◆ **Your task**:
Set down, exactly, every line from the top of the listing through the one holding "Bicicleta Rodado 12".

---------- Task input

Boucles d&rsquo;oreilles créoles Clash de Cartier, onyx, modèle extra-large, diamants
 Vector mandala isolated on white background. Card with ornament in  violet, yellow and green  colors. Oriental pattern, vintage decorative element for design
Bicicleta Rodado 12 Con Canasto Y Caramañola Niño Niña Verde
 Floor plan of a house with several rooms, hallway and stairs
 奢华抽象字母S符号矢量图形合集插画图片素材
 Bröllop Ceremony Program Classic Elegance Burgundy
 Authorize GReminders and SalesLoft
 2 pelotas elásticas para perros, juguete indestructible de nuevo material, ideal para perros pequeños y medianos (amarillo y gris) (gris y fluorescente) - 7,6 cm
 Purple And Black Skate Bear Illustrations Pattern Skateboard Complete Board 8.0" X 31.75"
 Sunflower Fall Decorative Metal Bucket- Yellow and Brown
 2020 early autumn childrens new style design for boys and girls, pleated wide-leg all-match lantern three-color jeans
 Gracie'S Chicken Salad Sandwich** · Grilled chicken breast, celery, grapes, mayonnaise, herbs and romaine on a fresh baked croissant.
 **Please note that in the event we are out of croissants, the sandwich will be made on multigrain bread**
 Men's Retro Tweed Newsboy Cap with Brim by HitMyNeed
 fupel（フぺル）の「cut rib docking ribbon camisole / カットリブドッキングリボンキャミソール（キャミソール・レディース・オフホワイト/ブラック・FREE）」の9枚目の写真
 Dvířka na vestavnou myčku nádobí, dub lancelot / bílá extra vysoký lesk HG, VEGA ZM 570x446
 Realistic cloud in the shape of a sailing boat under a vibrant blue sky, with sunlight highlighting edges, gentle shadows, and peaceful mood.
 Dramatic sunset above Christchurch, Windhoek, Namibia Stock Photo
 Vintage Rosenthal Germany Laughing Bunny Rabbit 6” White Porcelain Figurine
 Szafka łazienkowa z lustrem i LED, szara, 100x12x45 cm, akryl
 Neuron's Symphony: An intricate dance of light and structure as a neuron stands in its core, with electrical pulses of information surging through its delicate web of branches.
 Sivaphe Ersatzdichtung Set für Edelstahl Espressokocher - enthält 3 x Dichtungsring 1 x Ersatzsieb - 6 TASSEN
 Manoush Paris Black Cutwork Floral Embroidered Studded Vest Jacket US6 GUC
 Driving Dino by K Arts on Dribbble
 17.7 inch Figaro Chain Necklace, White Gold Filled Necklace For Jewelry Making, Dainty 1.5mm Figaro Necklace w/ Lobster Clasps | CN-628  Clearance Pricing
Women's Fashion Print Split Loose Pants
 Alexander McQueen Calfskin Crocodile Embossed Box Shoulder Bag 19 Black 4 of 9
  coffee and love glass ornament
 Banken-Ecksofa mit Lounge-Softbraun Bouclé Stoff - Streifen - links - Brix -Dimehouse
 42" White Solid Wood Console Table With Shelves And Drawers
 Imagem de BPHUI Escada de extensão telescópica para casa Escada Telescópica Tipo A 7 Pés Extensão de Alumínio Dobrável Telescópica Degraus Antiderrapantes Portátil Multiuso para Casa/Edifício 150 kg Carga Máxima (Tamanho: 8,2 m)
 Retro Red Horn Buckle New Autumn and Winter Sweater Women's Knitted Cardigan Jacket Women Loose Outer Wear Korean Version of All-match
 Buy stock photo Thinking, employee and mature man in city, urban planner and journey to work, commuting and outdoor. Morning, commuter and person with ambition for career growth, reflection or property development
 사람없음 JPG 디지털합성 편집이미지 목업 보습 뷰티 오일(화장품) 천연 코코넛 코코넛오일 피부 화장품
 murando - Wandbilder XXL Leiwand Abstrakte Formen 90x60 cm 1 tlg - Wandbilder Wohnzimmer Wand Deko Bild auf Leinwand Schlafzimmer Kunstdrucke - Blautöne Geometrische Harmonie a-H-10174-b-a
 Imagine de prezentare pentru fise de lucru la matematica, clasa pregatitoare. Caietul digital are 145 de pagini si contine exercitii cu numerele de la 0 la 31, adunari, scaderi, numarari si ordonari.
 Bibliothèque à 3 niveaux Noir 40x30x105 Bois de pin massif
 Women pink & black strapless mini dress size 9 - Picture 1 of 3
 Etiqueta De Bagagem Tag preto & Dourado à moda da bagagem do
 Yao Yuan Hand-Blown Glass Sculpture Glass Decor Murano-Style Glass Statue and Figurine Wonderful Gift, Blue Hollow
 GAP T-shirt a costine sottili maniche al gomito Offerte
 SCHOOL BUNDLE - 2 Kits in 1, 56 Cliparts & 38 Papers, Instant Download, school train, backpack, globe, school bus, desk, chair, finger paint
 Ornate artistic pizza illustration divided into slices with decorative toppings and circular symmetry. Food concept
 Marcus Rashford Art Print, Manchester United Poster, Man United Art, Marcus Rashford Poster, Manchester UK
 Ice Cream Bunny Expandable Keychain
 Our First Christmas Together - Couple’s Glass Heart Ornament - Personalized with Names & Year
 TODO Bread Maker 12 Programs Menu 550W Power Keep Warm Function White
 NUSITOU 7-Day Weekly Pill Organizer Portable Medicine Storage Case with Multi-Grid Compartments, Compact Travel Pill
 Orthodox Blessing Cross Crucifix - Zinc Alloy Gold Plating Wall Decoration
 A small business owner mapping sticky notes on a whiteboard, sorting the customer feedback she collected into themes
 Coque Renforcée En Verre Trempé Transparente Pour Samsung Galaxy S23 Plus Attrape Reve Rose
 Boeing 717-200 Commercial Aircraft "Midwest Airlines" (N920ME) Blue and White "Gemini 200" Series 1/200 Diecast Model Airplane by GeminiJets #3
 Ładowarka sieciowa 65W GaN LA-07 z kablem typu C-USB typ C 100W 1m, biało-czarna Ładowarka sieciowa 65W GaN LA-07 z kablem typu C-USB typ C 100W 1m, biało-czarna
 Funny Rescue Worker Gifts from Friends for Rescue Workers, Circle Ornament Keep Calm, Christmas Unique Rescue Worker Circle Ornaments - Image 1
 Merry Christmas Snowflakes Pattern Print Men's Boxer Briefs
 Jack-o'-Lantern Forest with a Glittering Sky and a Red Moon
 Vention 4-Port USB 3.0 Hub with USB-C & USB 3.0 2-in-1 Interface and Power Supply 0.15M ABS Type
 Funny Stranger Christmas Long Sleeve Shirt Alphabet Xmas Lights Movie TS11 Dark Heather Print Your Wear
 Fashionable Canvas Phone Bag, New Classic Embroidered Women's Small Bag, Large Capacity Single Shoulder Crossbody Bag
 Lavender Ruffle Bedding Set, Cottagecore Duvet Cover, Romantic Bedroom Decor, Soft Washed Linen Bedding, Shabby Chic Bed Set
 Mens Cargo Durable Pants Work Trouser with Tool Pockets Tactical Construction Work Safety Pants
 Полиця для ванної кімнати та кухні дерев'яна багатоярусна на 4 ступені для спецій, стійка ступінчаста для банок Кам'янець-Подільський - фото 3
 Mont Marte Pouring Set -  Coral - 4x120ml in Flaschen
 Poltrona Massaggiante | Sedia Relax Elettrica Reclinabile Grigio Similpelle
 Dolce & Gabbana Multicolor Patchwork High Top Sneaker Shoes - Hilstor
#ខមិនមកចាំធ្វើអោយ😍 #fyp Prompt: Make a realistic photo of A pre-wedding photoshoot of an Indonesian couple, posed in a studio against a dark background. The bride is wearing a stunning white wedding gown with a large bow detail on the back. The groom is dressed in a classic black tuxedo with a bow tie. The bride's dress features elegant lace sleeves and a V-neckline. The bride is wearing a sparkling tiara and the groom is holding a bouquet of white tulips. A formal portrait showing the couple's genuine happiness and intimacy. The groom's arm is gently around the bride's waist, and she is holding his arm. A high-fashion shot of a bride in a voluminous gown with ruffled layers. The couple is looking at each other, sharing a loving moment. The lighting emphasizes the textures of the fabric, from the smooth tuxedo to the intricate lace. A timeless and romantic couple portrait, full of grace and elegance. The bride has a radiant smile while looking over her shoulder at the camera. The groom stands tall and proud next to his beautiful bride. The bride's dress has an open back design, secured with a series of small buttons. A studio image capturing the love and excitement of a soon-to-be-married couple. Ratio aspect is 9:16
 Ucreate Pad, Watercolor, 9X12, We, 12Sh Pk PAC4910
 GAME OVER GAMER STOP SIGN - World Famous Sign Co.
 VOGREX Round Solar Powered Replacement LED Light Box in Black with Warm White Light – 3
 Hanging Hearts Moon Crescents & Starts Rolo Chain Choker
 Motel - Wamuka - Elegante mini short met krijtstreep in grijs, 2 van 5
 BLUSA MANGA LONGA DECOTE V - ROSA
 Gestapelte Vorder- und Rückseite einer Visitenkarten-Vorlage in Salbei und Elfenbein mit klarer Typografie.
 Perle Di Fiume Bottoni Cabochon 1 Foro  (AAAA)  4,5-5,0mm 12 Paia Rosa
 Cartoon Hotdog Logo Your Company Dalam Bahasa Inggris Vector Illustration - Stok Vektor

--------------------

◆ **Solution for this problem**:
Boucles d&rsquo;oreilles créoles Clash de Cartier, onyx, modèle extra-large, diamants
 Vector mandala isolated on white background. Card with ornament in  violet, yellow and green  colors. Oriental pattern, vintage decorative element for design
Bicicleta Rodado 12 Con Canasto Y Caramañola Niño Niña Verde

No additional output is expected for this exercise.